Kiev , mercoledì, 4. settembre, 2024 16:00 (ACI Stampa).
Era una visita programmata, su invito del presidente Volodymir Zelensky, quella della delegazione del Patriarcato Ecumenico di Costantinopoli a Kyiv. Tre membri (due sacerdoti, un diacono), tutti di origine ucraina, che hanno rappresentato Bartolomeo I alle celebrazioni per il 33esimo anniversario di indipendenza, ma che hanno anche provato a ricucire le relazioni religiose su un territorio in cui la religione è diventata uno strumento politico.
E, in effetti, in maniera casuale, la delegazione di Costantinopoli si è trovata in città proprio nel periodo in cui la Rada, il Parlamento ucraino, andava ad approvare la legge 8371, che va a sciogliere ogni organizzazione religiosa in Ucraina che abbia un centro di comando all’estero e una affiliazione con Mosca.

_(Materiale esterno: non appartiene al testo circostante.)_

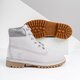 Gyerek téli cipők TIMBERLAND PREMIUM 6 INCH WP BOOT  tb0a295qn991 szín: szürke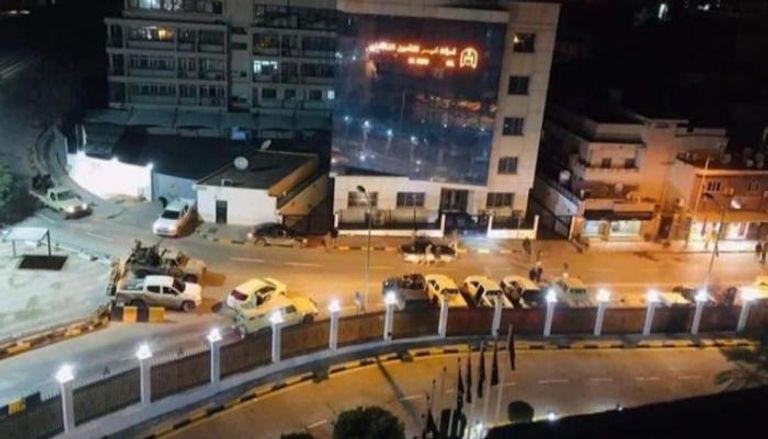 مليشيات تحاصر مقر المجلس الرئاسي في طرابلس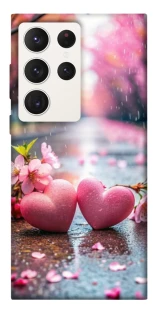 Чехол на Samsung Galaxy S23 Ultra Pink heart фото 1 из 1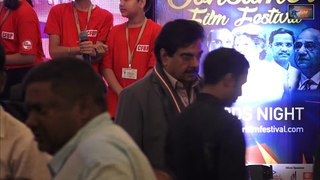 Shatrugan Sinha & Poonam Sinha at Godrej CFBP Consumer Film Festival Award Night 2018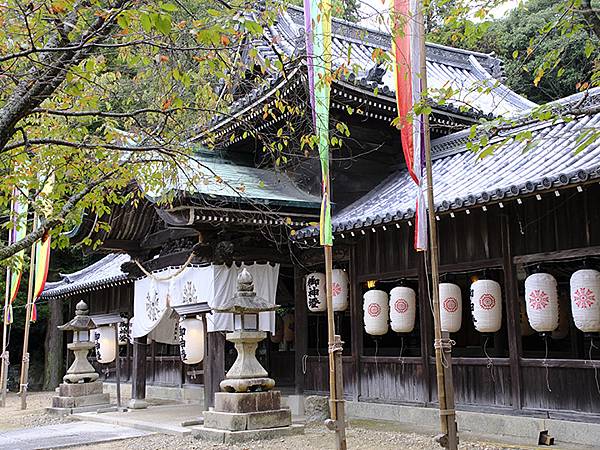 日本‧播州秋祭(五)‧坂越船祭(上)‧小鎮和神社(Sakos 日本‧播州秋祭(五)‧坂越船祭(上)‧小鎮和神社(Sakos
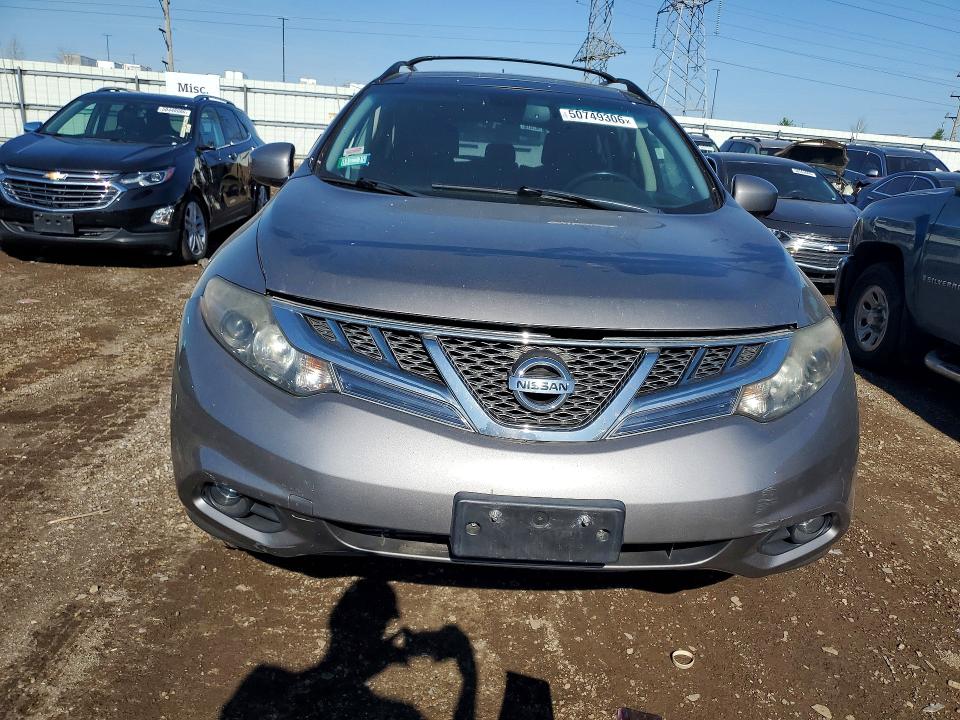 Продажа на аукционе авто 2012 Nissan Murano, vin: JN8AZ1MW3CW200732, номер лота: 50749306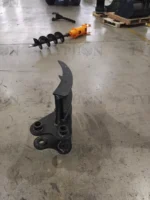 Mini Excavator Attachment Rake 22″ Wide TYPHON Attachments For 2-3.5 ton Diggers - Image 4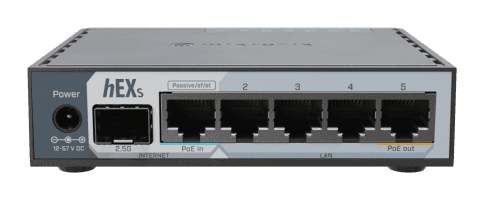 E60iUGS Router - hEX S (2025), E60iUGS, MikroTik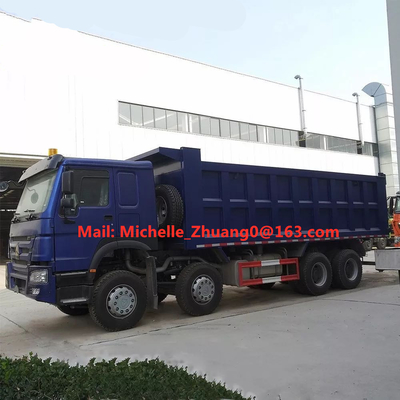 Hochleistungskippwagen-Pferdestärken 371hp Sinotruk Howo 8*4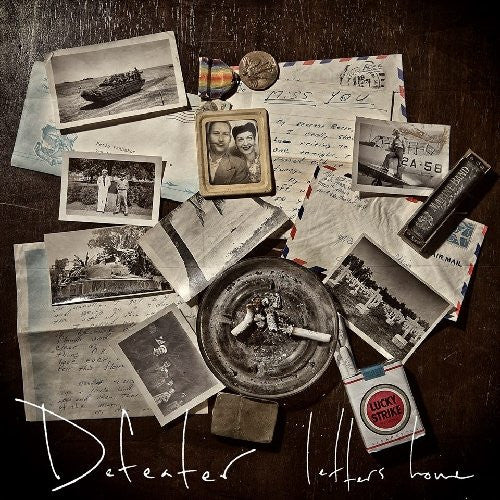 Defeater – Letters Home (Silver Vinyl) (New Vinyl)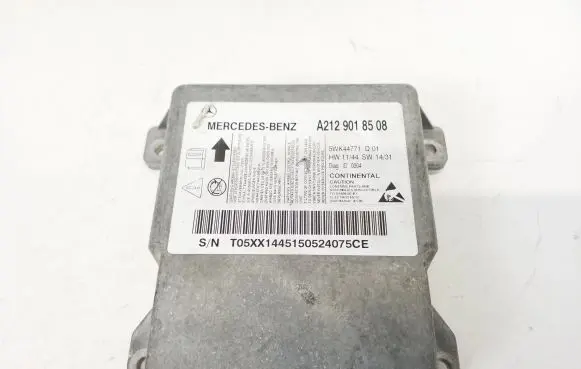 Mercedes-Benz E W212 Airbag control unit/module A2129018508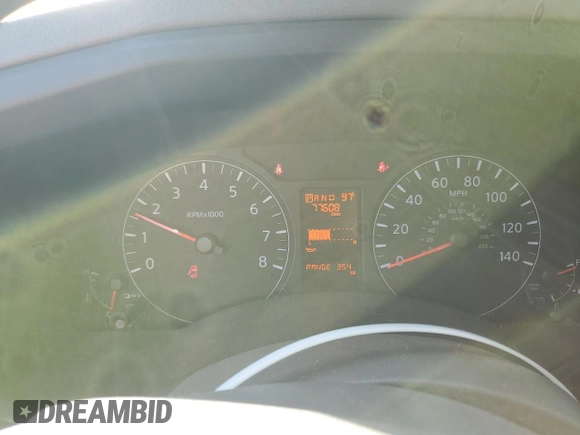 2020 Nissan NV SV with VIN 5BZBF0AA6LN850639, listed as a Copart auction lot 79900734 with 77,608 mi miles and Salvage title. Bid and sale history available at DreamBid. Image 9.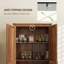 Armoire de cuisine, armoire avec tablettes réglables-1479543263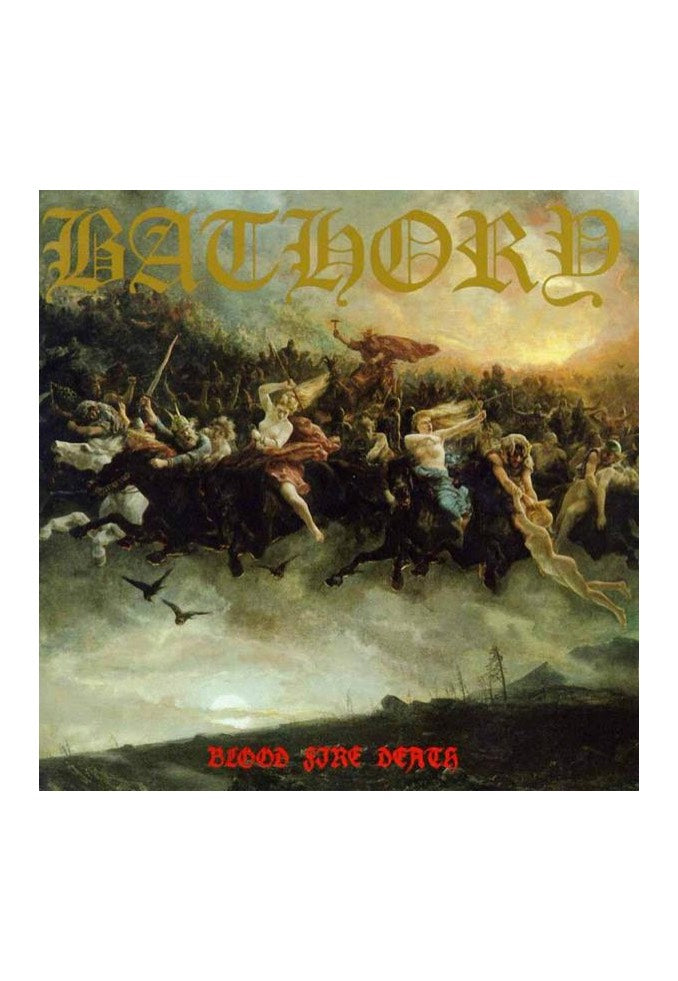 Bathory - Blood Fire Death - CD | Neutral-Image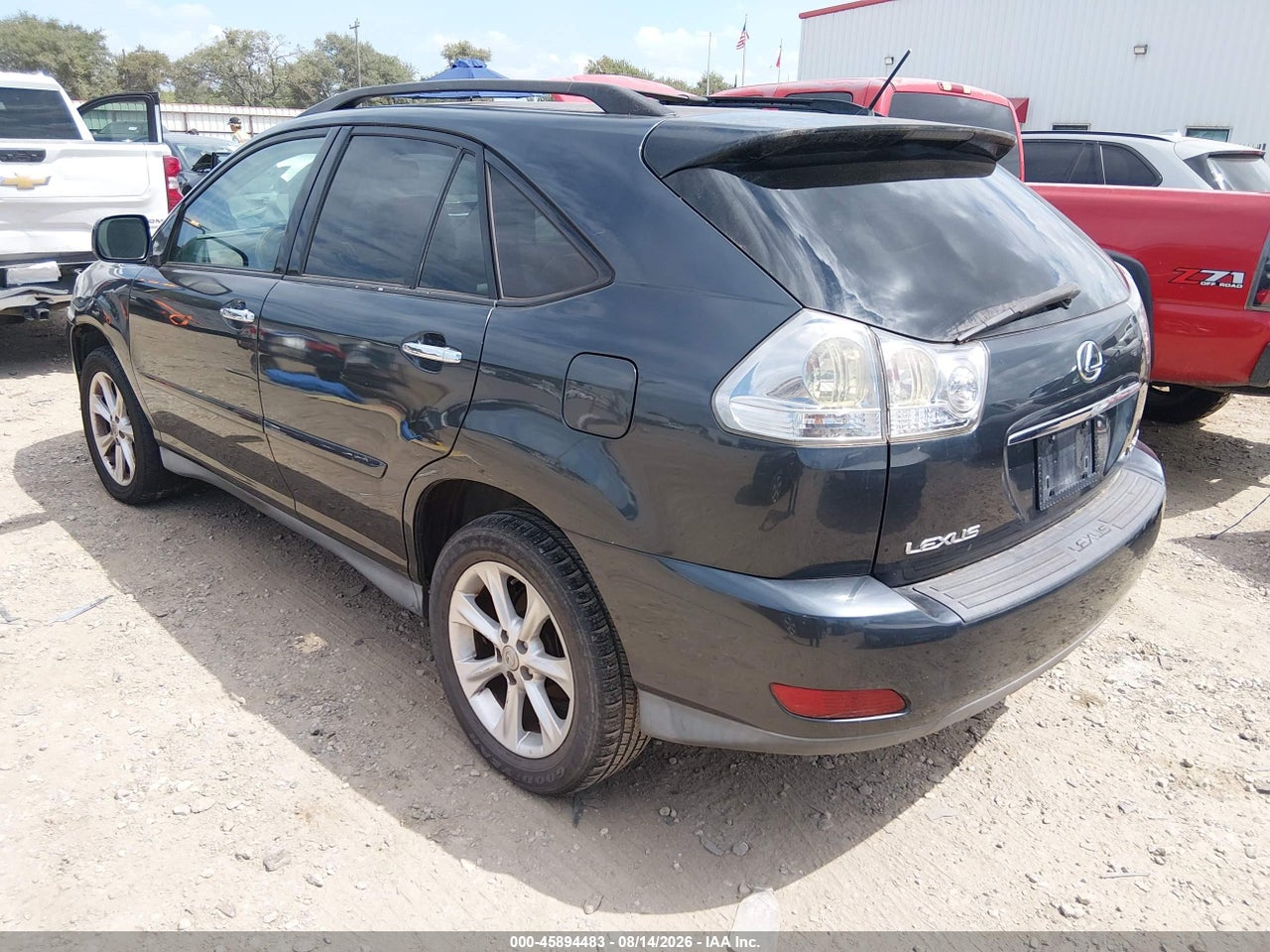 2009 LEXUS RX 350   · 3/11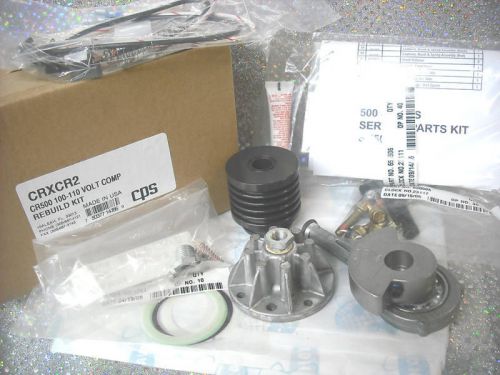 CPS Compressor Rebuild Kit for CR500 115 Volt Units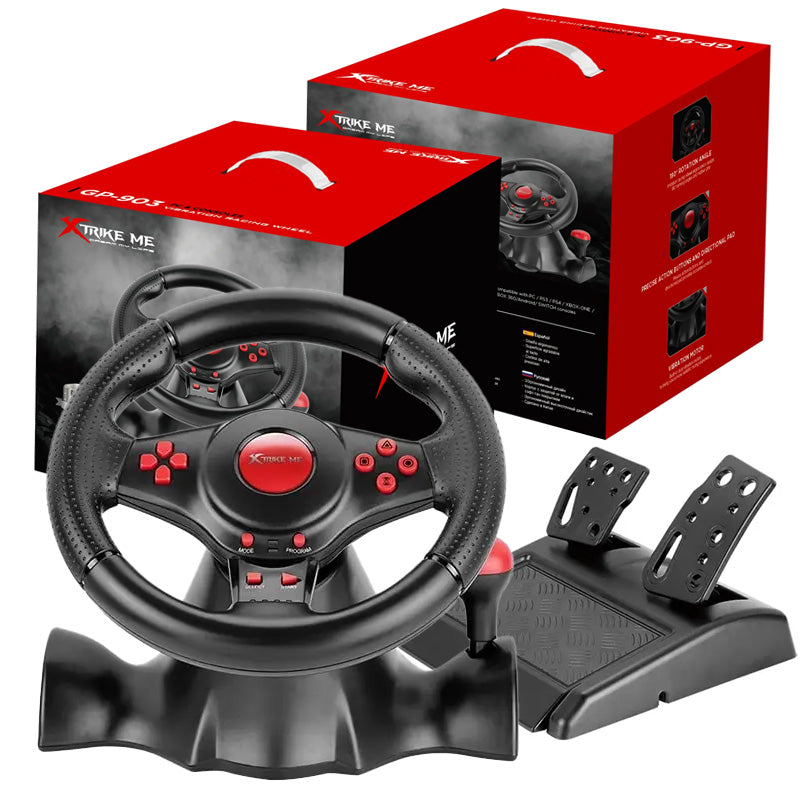 הגה מירוצים דגם GP-903 מבית XtrikeMe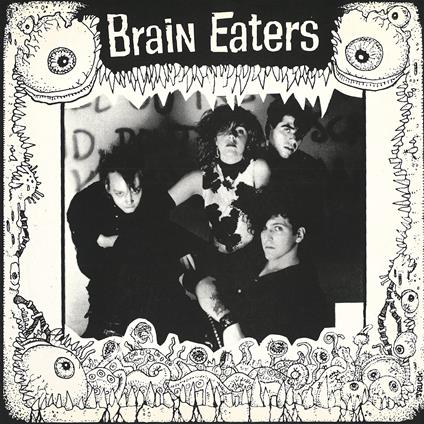 Brian Eaters (Green & Black Splatter) - Vinile LP di Brain Eaters
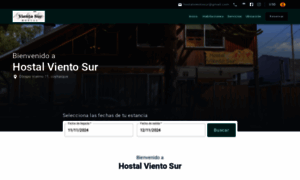 Hostalvientosur.cl thumbnail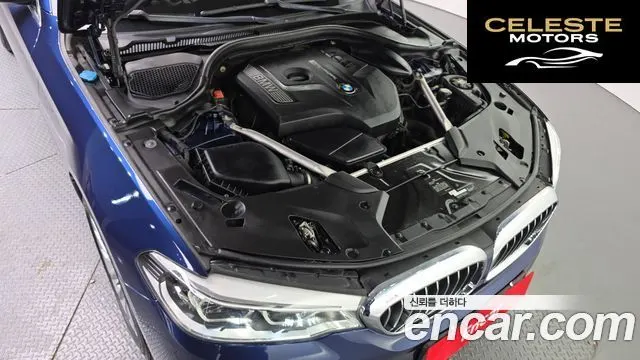 BMW Série 5 (G30) 530i xDrive Luxury Plus 2019 — photo 6 sur 20
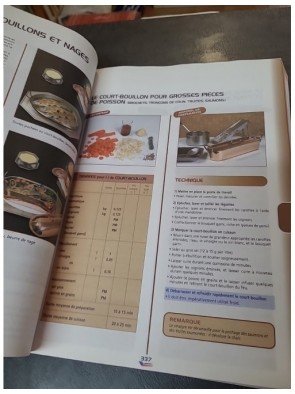 La cuisine de référence - Techniques et préparations de base, fiches techniques de fabrication de Michel Maincent-Morel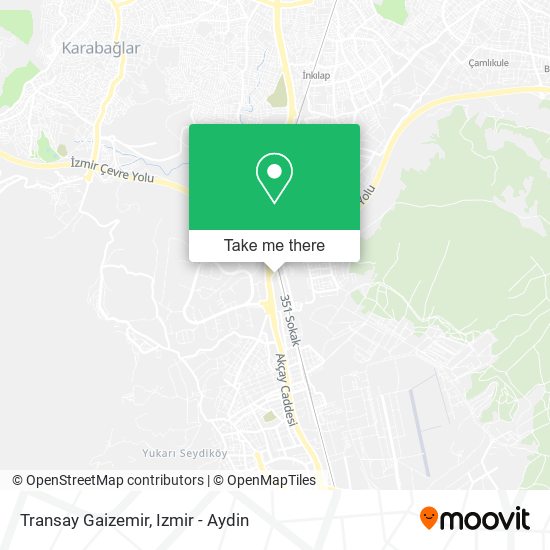 Transay Gaizemir map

Una legge di guerra, che risponde alla preoccupazione dei proclami di “guerra santa” da parte del Patriarcato di Mosca, e che però ha anche vari problemi dal punto di vista dei diritti umani. Perché le organizzazioni religiose, in fondo, non sono sistemi politici. E così, le Chiese cristiane in Ucraina, pur comprendendo i rischi, hanno comunque appoggiato l’idea di fondo della legge che non ci debba essere una Chiesa nazionale, chiedendo di fatto anche alle Chiese in Ucraina di non essere nazionaliste.
Sono tutte sfumature che si inseriscono in una situazione molto complessa. La decisione di Costantinopoli di garantire un tomos (documento) di autocefalia alla Chiesa Ortodossa Ucraina, dando così all’Ucraina una Chiesa nazionale, ha dato vita alle vibrate proteste di Mosca, che considerano l’Ucraina come proprio territorio canonico, ed anche uno stop nel dialogo ecumenico, perché Mosca non ha più voluto partecipare a tavoli dove fosse anche Costantinopoli.
Anche questa situazione pesa sulla guerra in Ucraina, e diventa un fatto politico che porta il Patriarcato di Mosca a schierarsi dalla parte russa e le Chiese locali a temere l’ingerenza russa.